反正他现在一时半会儿是睡不着了,还不如出去找找人,说不定还能转移一下此刻异常活跃、压都压不住的回忆!
说做就做。
降谷零从床上霍然起身,先是看了一眼当前时间。
按照往常君宅的作息时间表,当下银发青年应该已经睡沉,因此他在拉开房门走上走廊时特意放轻了自己的动作。
余光扫过二楼的洗手间和阳台,发现都是一片漆黑,反倒是通往一楼楼梯的拐角还亮着盏昏黄夜灯,映出一小圈朦胧的暗光。
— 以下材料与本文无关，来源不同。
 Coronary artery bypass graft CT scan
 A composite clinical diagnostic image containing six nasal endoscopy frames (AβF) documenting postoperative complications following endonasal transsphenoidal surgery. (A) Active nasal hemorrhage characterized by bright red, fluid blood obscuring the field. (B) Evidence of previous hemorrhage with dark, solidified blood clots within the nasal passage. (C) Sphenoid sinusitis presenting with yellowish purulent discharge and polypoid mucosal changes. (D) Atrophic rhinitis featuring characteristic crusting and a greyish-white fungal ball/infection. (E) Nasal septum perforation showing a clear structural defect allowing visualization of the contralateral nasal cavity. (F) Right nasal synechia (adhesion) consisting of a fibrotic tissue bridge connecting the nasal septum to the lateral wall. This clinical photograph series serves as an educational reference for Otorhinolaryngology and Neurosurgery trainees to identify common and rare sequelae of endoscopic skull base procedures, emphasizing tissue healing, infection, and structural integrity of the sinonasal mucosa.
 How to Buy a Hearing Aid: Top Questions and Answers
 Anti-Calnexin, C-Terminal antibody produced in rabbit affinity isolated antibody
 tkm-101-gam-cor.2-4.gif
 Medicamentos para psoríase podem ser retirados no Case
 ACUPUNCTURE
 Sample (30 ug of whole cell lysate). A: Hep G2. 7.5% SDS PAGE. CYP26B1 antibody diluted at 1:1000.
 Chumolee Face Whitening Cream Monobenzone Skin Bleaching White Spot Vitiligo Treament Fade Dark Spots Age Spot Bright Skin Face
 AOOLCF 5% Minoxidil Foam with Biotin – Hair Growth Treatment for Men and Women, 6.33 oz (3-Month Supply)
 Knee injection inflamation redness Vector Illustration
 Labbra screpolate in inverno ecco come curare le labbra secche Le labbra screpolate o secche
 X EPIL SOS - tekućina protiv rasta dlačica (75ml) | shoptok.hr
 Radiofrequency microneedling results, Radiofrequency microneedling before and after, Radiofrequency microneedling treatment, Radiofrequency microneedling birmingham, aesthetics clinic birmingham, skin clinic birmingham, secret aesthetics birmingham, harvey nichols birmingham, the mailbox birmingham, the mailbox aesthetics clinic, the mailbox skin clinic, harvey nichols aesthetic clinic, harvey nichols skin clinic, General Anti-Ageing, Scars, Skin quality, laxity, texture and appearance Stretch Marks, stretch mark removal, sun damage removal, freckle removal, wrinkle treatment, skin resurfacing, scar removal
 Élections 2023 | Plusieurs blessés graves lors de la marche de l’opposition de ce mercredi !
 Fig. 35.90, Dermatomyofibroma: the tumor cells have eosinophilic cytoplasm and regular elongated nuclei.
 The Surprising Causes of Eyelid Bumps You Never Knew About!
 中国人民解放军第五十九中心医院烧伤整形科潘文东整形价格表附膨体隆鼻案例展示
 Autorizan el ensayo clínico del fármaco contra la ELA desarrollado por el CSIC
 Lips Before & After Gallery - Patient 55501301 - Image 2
客厅里,松田阵平、萩原研二、诸伏景光三个人毫无睡意的聚在茶几前。
他们在从头到尾的复盘——最近这段时间他们身上各自所发生的事情。
萩原研二瘫在沙发里,像一只灵魂升天的猫猫,仰头看着天花板长叹一声。
“……所以,这日子到底什么时候是个头啊?”
松田阵平坐在他对面,正拿着块软布心不在焉的擦拭着自己那副在白天缠斗中被摔过一次的墨镜,闻言没好气的答:“你问我,不如去求神拜佛问一问祂们。”
“无论经历多少次,都还是忍不住想感慨——那个光环也太不科学了。而且……”
诸伏景光坐在单人沙发上,手里捧着一杯早已凉透的水,嗓音低哑,细听下来还能捕捉到其中一点自我怀疑。
“说不定……我们自身也有问题。”
萩原研二和松田阵平顿时扭头一起看向他。
诸伏景光被他们盯得动作顿了顿,指尖无意识摩挲着杯壁,耳根不易察觉的泛起一层淡淡红晕,似乎是有些难以启齿于接下来的话。
但他还是将自己的感受说了出来。
“我的意思是,就像今天Zero那样……虽然他说得比较极端,但那种感觉,我好像,大概,有可能——”
松田阵平打断他:“景老爷你就别铺垫了,快说重点。”
诸伏景光抿了抿唇:“我也有一点点类似的感觉。”
最后几个字几乎含在了他的喉咙里。
但松田和萩原还是听清了。
“你也有?”松田阵平哑然挑眉,“哪种?你也想把风和关起来当‘观察目标’?”
诸伏景光的脸顿时腾的一下全红了。
他猛地低头喝水掩饰,却被呛得咳嗽起来。
“咳咳——不是!我是说、就是……那种注意力不受控制,会高度关注,会想再靠近更多一点。”
“有时候我能清楚意识到,要是一不小心没有克制住这点苗头,就容易滚成巨大的火团。”
他越说声音越小,但还是坚守住了自己最后的强调:“但绝对没有Zero今天表现得那么夸张!”
“嗯,你只是差点跟着赤井一起扑到风和身上而已。”松田阵平毫不留情补刀,嘴角却忍不住抽搐了一下。
他显然想起了当时自己拼命拉扯两人时的狼狈样儿。
“小阵平,你还说。”萩原研二不允许他独善其身,“你自己呢?上次风和不过只是手指蹭了你一下,你就差点从椅子上弹射起飞。”
松田阵平擦眼镜的动作猛地僵住,耳根也变成了和景光的脸一个色,梗着脖子反驳:“那是因为太突然了,而且地板就是滑!”
“对对对,地板滑,椅子滑,全世界都在针对你。”
萩原研二翻了个白眼,然后自己很快也跟着蔫了。
“好吧,我也没好到哪里去。浇个花都能心律不齐,还被赤井君当面戳穿……”
都是半斤八两。
只不过这么一对比,他们之间的气氛却奇异的没那么沉重了,反而弥漫起了一种同病相怜的荒诞感。
站在楼梯口的降谷零听完了全程,心里那股想要逃离地球的羞耻感变淡了一点,无声叹了口气。
“说到底,”楼下,沙发上的景光同步跟着他一起叹息,“那个光环是不是根本没法完全免疫?我们这些天的抗性训练,好像没有取得显着效果。”
“显着效果是没有,但小作用还是有点的。”
松田阵平把擦好的墨镜习惯性架上鼻梁:“至少现在那玩意试图影响我的时候,我不会立刻扑上去了。”